A vacation home requires upkeep, a process that can be much more difficult than the work necessary to maintain a house you live in full-time. Here are some ideas on how to navigate the vacation home-buying and owning process.

Should you consider a vacation home?

Although the idea of your dreams being fulfilled may be exciting, be cautious and prudent about your vacation home purchase. It is easy to make a wrong decision and difficult to reverse once a choice is made. Since a vacation home is a commitment, invest your time appropriately in the decision. Consider:
 

  • Is the location ideal for you and your family? Make sure you’ve visited the area before. If you have any hesitation about spending a lot of time in the area, delay your purchase and spend time there on an extended vacation. If you can, try out several places to find the best fit.
  • Will you own the home yourself or with family or friends? If family members or friends are going to share the vacation home experience with you, make sure you put down some concrete rules. It’s crucial to know who is responsible for upkeep and repair to best avoid problems later on down the road.
  • What if a home requires renovations to meet your needs? If changes are necessary, you’ll need to include in your preliminary budget the cost of hiring a contractor and the major improvements you want. Take note: You’ll also need to account for a timeline if renovations will keep you from moving in for several months.

Find your home

When you have decided on the location and how you will handle upkeep, it’s time to do some research. Check online to see prices and recent sales in your desired area. Reach out to real estate brokers that represent homes that you like and ask for some assistance. Most will gladly offer buyer’s broker services and help you find the vacation home of your dreams.
 

Determine how the property will be cared for in the off-season

Although overall care responsibilities should be part of your plan if you are sharing the home with others, you’ll need to determine property maintenance requirements year-round regardless of who is signing the checks for the work. If your vacation home is far from your home residence, you should develop a strong relationship with a property maintenance company. The prior owner or a local real estate agent may be good sources of connections. You’ll also want to install a security system to help ensure your home is being monitored -- whether by you or a private company -- while you’re away.
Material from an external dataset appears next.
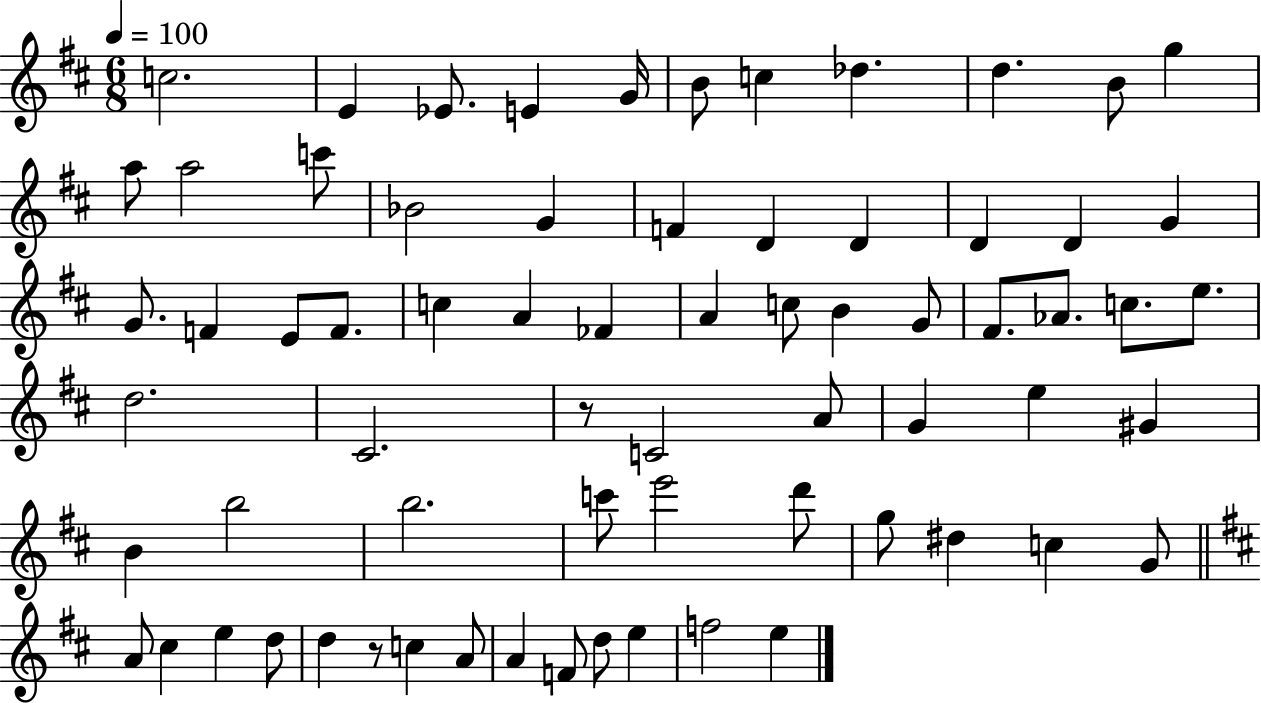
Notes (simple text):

C5/h. E4/q Eb4/e. E4/q G4/s B4/e C5/q Db5/q. D5/q. B4/e G5/q A5/e A5/h C6/e Bb4/h G4/q F4/q D4/q D4/q D4/q D4/q G4/q G4/e. F4/q E4/e F4/e. C5/q A4/q FES4/q A4/q C5/e B4/q G4/e F#4/e. Ab4/e. C5/e. E5/e. D5/h. C#4/h. R/e C4/h A4/e G4/q E5/q G#4/q B4/q B5/h B5/h. C6/e E6/h D6/e G5/e D#5/q C5/q G4/e A4/e C#5/q E5/q D5/e D5/q R/e C5/q A4/e A4/q F4/e D5/e E5/q F5/h E5/q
Make your vacation home a retirement home

When you find that dream home, think about whether it works as a full-time retirement home. Some retirees stay at their homebase for family reasons, but living full-time in a frequent vacation spot gives your family a fun and exciting place to visit. Even if a full-time residence does not seem likely today, make a “what-if” in the event you change your mind.

A vacation home is an exciting decision that can yield great return on investment and provide years of relaxation. Take it easy and consider all of your options and responsibilities carefully and you’ll find a home and location that fits your needs and your life.